When it rains it pours.
After the exciting news that Google funded my application to their digital humanities program, I found out this week that they will also fund another project of mine (full list): Defining and Solving Key Challenges in Microblog Search. The research will focus largely on helping people find and make sense of information that comes across Twitter.
Over the next year the project will support me and two Ph.D. students as we address (and propose some responses to) questions such as:
- What are meaningful units of retrieval for IR over microblog data?
- What types of information needs do people bring to microblogging environments and how can we support them? Is there a place for ad hoc IR in this space? If not (or even if so) what might constitute a ‘query’ in microblog IR?
- What criteria should we pursue to help people find useful information in microblog collections? Surely time plays a role here. Topical relevance is a likely suspect, as are various types of reputation factors such as TunkRank (and here).

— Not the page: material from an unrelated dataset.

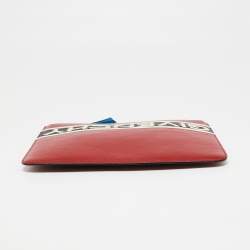 Givenchy Red/White Leather Reverse Logo Flat Zip Pouch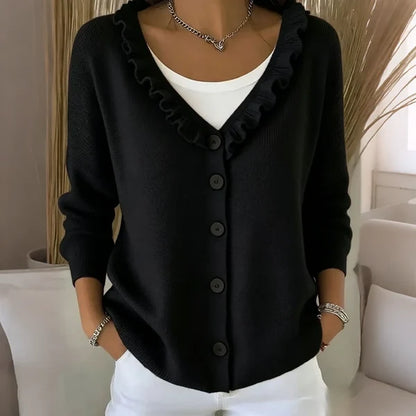 Women’s Frill Neck Button Knit Cardigan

- How does microblog IR relate to more established IR problems such as blog search, expert finding, and other entity search issues?
For me, one of the most interesting issues at work in microblog IR is: how can we aggregate (and then retrieve) data in order to create information that is useful once collected but that might be uninteresting on its own?
Is it useful to retrieve an individual tweet that shares keywords with an ad hoc query? Maybe. But it seems more likely that people might seek debates, consensus, emerging sub-topics, or communities of experts with respect to a given topic. These are just a few of the aggregates that leap to mind. I’m sure readers can think of others. And I’m sure readers can think of other tasks that can help move microblog IR forward.
In case anyone wonders how this project relates to the other work of mine that Google funded (which treats retrieval over historically diverse texts in Google Books data), the short answer is that both projects concern IR in situations where change over time is a critical factor, a topic similar to what I addressed in a recent JASIST paper.
I’m excited to say that the kind folks at Google have funded my proposal to the Google Digital Humanities Awards Program.
The title of the project is Meeting the Challenge of Language Change in Text Retrieval with Machine Translation Techniques, and as the name implies the work will tackle language drift in IR, but language drift on a nettlesome order.
Specifically, the work will focus on Google Books data where a great deal of text may indeed be written in a given language (I’m focusing on English), but it may also have been written in the 18th Century, the 17th Century, etc. Anyone who has studied Shakespeare or Chaucer (or less poetically, Robert Burton or Thomas Hobbes) can remind you that a wide gulf separates our vernacular from English of the medieval period , the Renaissance, the 17th Century, etc..
The project aims to support search across historically diverse corpora. But more generally, the work will address the question: how can we model language (empirically and statistically) in an environment where texts treating similar topics often use dissimilar lexical and even syntactic features?
As a sample use case, we may consider a scholar whose research treats historical issues related to literacy and the rise of the merchant class in Europe. During his research, this scholar might find the following passage. In the introduction to his 1623 English Dictionarie, Henry Cockeram addresses his intended audience:
Ladies and Gentlewomen, young Schollers, Clark Merchantz, and also Strangers of any Nation.
Finding this passage of interest, the researcher submits it to a retrieval system such as Google Books in hopes of finding similar texts (i.e. this is a type of query by example). To meet this challenge, the search system must overcome the idiosyncracies of 17th Century written English. To find results in more recent English, the search system must induce a model of the information need that accounts for the probability that schollers is a translation of scholars and that clark merchantz is a translation of statute merchants, etc. Similar processes need to happen for retrieval over earlier English texts.
My angle on this problem is that we can approach it as a type of machine translation, where the English of period X comprises a source language and period Y’s English is a target language. The nice thing about the IR setting is that I think we don’t need to find a single “correct” translation of a query. Instead, the work will generate an expanded model of the information need in the target language.
This problem has native merits. But I’m especially excited to take it on because it comprises part of an interesting body of work on temporal issues in IR (see my own contribution here or here, as well as excellent work Susan Dumais with Jon Elsas here, and with Jamie Teevan, Eytan Adar, Dan Leibling, and Richard Hughes here, here and here; this list isn’t exhaustive, omitting obvious links to the topic detection and tracking literature).
More to come as the project matures.